Loving my job – There are times when being a janitor in Antarctica gets pretty monotonous, even a little depressing.  But this year, somehow I’ve managed to find myself in a position where I’m pretty much just doing the janitorial duties that I love: special projects and laundry.  Special projects are things like waxing, buffing, scrubbing floors.  Floors!  My favorite!  This week, I’ve taken on waxing building 155, the big blue building that holds the heart of town.  I find floors so much more rewarding than toilets, which are going to get peed on five minutes after you finish, but floors… they look awesome when you’re done, and stay that way for at least a while.  And then laundry.  Laundry is new for me this year, and I’ve been trained of its intricate ways by Lolo, mentioned before.  At first, getting trained on huge industrial washing machines that were built in 1981 for naval ships and no longer have parts manufactured was intimidating, but now I love them just as much as I love the floor buffer.  There’s something deeply gratifying about having The Beast and Emmie Lou (the industrial washers) going while four big driers are humming, and I’m folding sheets while bopping around to music.

Coming home – As Kev mentioned above, room 209 in HoCal just might be the best place on earth.  No matter what kind of a day it was at work, I know that coming home and taking off my work pants is going to be so good.  As soon as our door clicks shut, everything else is gone and never mattered anyway.  The glorious bed fit for a king, photos of loved ones adorning the walls, the smell of coffee and grilled cheese, a red-headed man who has stolen my heart… only the finest things in life dwell in this room, and I feel absurdly lucky to reside along with them.

Folding laundry on a Sunday morning makes me happier than perhaps it should.

There have been whole avocadoes in the galley lately! Yum! Such a treat at the bottom of the world.

Ice flowers growing on our window.

We had been listening to the the Harry Potter books while cleaning this year, and very sadly just finished the last one.

That loveliest man of mine basking in the sun by a dive hut.

One of the corners of the tiny room you sit in at the bottom of the Ob Tube, suspended 15 feet below the sea ice in the ocean. Kevin and I sat squished down here and watched a seal swim by.

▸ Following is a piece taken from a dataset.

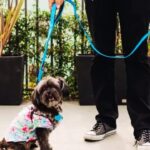 Best Leashes for Small Dogs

An LC-130 Hercules landing in the early morning hours. The ice runway is currently situated on less than six feet of ice, and apparently they measure how much the ice sinks every time a plane lands to monitor how much longer the ice runway can be used.


2 thoughts on “5 Things That Are Making Us Happy in Antarctica

  1. Aw, this posting is super romantic. Made me smile. Kev, I love the pic of the LC-130s through the telescope and the penguin bone. Cool! E, your pics of the mundane little joys of life here are just delightful!

  2. so, so cool. i love that you guys are having a great time, and that you’re able to shut it all out at the end of the day (because what doesn’t need to be shut out at the end of the day?!) and just focus on yourselves.

    unrelatedly, i think i would die if i ever saw a seal swim by. (uh, die of happiness, that is. heh.) and those ice flowers are beautiful!